KEY POINTS:
Sudan is Africa's biggest country by land area - and a long way from China. Yet in the past decade the two nations have developed a remarkably cosy relationship.
It is founded on major Chinese commercial interests in the North African nation, chiefly oil. But these ties are coming under increasing international scrutiny, to the point where human rights activists in the United States and Europe are trying to organise a boycott of the summer Olympic Games that China will host next year.
A group of more than 100 members of the United States House of Representatives sent a letter to the Chinese Government last week warning that the Beijing Olympics could be endangered if China did not change its policies in Sudan.
Hollywood actress Mia Farrow, a goodwill ambassador for the United Nations' Children's Fund, gave the campaign a publicity boost in March when she branded the games the Genocide Olympics and urged corporate sponsors to lean on China to do more to halt the conflict in western Sudan's Darfur region.
The groundswell for a boycott is embarrassing China, which wants to use the Olympics to showcase its rise in the world.
This partly explains why Beijing has shifted its diplomacy on Sudan into higher gear in an effort to show that it supports UN peace initiatives in Darfur, where as many as 450,000 people have died from violence and disease and about 2.5 million have fled their homes since an armed secessionist revolt began in 2003.
Sudan's President Omar al-Bashir reacted by unleashing a militia against the rebels.
China, accused by critics of shielding the Sudanese regime from UN sanctions, started to change its approach in October when it voted in favour of a bigger UN peacekeeping presence to buttress a weak African Union force.
Beijing has since offered more than US$10 million ($13.8 million) in humanitarian aid to Darfur and has sent 275 military engineers to help strengthen the international presence.
It has also appointed a special representative for African affairs and said that his initial focus would be on Darfur.
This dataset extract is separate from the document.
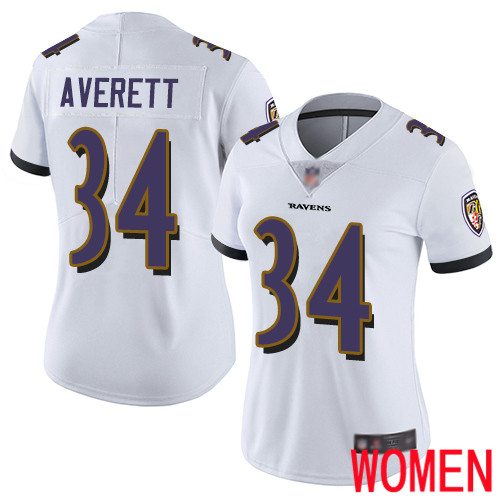 Baltimore Ravens Limited White Women Anthony Averett Road Jersey NFL Football #34 Vapor Untouchable->women nfl jersey->Women Jersey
In Beijing, British Foreign Secretary Margaret Beckett said that despite critics' allegations, China had played quite a positive role in Sudan, particularly in seeking peace between Khartoum and rebels in Darfur.
The Chinese Government says it does not interfere in the internal affairs of other countries but has been trying to achieve a peaceful resolution.
If any country has leverage over the Sudanese regime, it is China. While Western governments and companies have shunned Sudan, China has stepped into the breach. It has supplied billions of dollars in investment, oil revenue, infrastructure development and arms sales, and provided diplomatic protection to Khartoum in the UN, where China is one of the five permanent members of the Security Council with a right to veto decisions.
Sudan has about 10,000 Chinese workers, some of them decommissioned military men charged with guarding China's investments, especially oilfields and pipelines.
Oil from Sudan makes up 5 per cent of the rapidly rising amount of crude that China must import each year to meet surging demand. More than half Sudan's oil exports go to China.
Sudanese oil production is rising quickly and China's largest state oil company owns 40 per cent - the biggest single shareholding - in the Greater Nile Petroleum Operating Company, a consortium that dominates Sudan's oilfields, in partnership with the national energy company and government-linked firms from India and Malaysia.
China joined the consortium in 1996. As its oil and other economic interests in Sudan grow so does its concern about the country's chronic instability and the threat this may pose to Chinese assets in future.
No sooner had a peace deal taken hold in the south of Sudan in 2005 when serious fighting flared in Darfur, where China also has promising oil concessions.
China's claim to be a responsible and increasingly influential global power is on trial in Sudan.
A report this month by Amnesty International accused both China and Russia of flouting a Security Council mandatory ban by sending arms to bolster the Sudanese regime. Amnesty said some of the aircraft and weapons had been used for indiscriminate attacks in Darfur. Beijing has denied that its arms supplies breach UN regulations.
China is engaged in a balancing act. On the one hand it wants to avoid international opprobrium. On the other hand it wants to protect and expand its valuable interests in Sudan.
If President Bashir continues to obstruct the UN peace initiative in Darfur, this will be a difficult balance to maintain.
* Michael Richardson, former Asia editor of the International Herald Tribune, is an energy and security specialist at the Institute of Southeast Asian Studies in Singapore.